Die Antwort der Bundesregierung ist einfach: "Eisernes Sparen" bei der Verwaltung und anderen milliardenschweren Posten. Minister Blümel brachte das kürzlich bei seinem Brüssel-Aufenthalt unmissverständlich zum Ausdruck. Dass die Ausgaben für die Verwaltung trotz Erweiterung und neuer Herausforderungen – wie die Kosten für Flüchtlinge – seit vielen Jahren konstant bei fünf bis sechs Prozent des EU-Haushaltes liegen, lässt die Wiener Politiker unbeeindruckt. Österreich kann sich – zum Missfallen vieler anderer kleiner Länder – auch die Halbierung der Zahl der EU-Kommissare vorstellen, mit den Briten sind es derzeit noch 28.

Einfach werden die Verhandlungen Oettingers mit der österreichischen Regierung nicht. Er will Kurz und sein Minister-Team davon überzeugen, dass die finanzielle Lücke, die durch den Austritt Großbritanniens entsteht, einerseits zu 50 Prozent durch Kürzung bestehender Haushaltsstrukturen (zum Beispiel Landwirtschaft und Regionalpolitik) geschlossen wird, sowie zu weiteren 50 Prozent durch "ergänzende Einnahmen".

Hinter dem sachlichen und ganz harmlos klingenden Begriff "ergänzende Einnahmen", verbirgt sich aber großes Streitpotenzial.

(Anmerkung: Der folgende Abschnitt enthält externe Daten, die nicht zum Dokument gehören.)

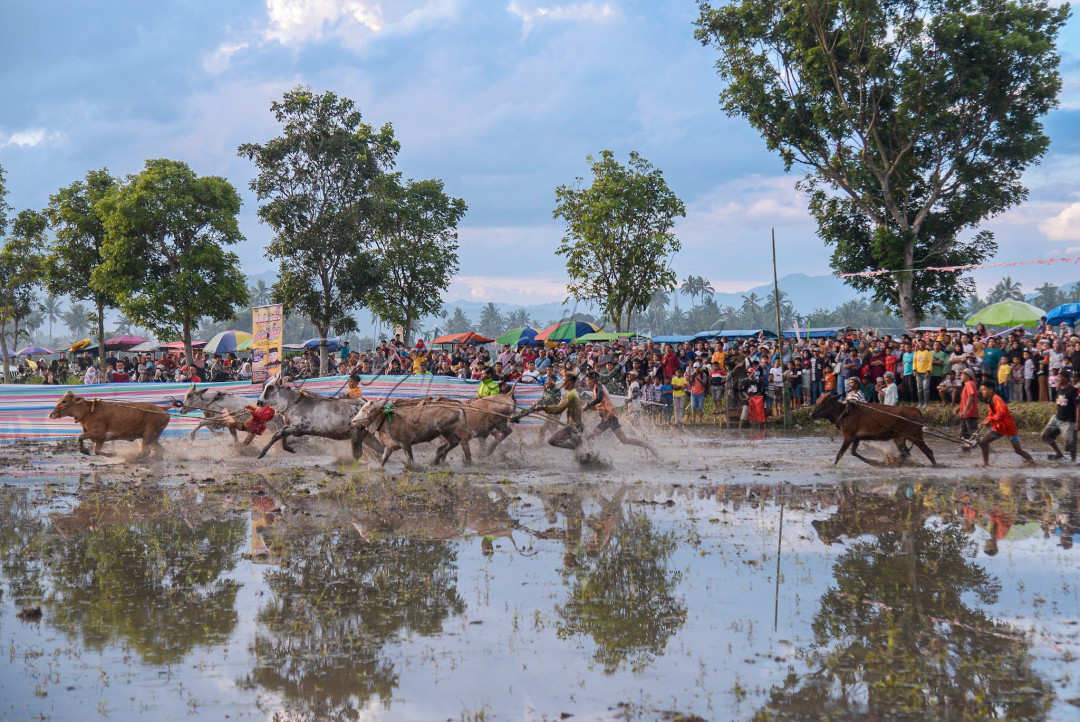 Pacu jawi merupakan salah satu budaya di sumatra barat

Für die Kommission sind die Einnahmen aus dem Emissionshandel (ETS-System) oder die Einführung einer neuen EU-weiten Plastiksteuer vorstellbar. Kunststoff-Müll würde derzeit überhand nehmen, Altkunststoffe seien das neue Umweltproblem. ETS-Einnahmen und Plastiksteuer könnten direkt in den EU-Topf fließen. "Das Geld kommt damit dorthin, wo die Gesetzgebung liegt", nämlich in der EU-Kommission, argumentiert der Christdemokrat.

Ob die ÖVP-FPÖ-Koalition diesen neuen Einnahmequellen zustimmt, ist völlig offen. Experten sagen, "eher Nein", weil den Wählern versprochen wurde, keine neuen Abgaben einzuführen.

Kurz und Landwirtschaftsministerin Elisabeth Köstinger fordern, dass osteuropäische Länder einen größeren Beitrag leisten sollten. Das lehnen diese Staaten auch gar nicht ab. Wie Deutschland sind sie bereit, mehr in den EU-Haushalt einzuzahlen, immerhin bekommen sie auch viel Geld an Förderungen zurück.

Kunststück

Im Mai wird die EU-Kommission ihren Haushaltsvorschlag für die nächsten Jahre vorlegen. Das Zahlenwerk wird die Basis für die österreichische EU-Präsidentschaft im zweiten Halbjahr 2018 sein, das Budget mit allen Mitgliedern zu verhandeln. Ein Megaprojekt: Österreich muss den Spagat zwischen nationalen Eigeninteressen und einem Kompromiss schaffen. "Ein Kunststück", heißt es in Brüssel.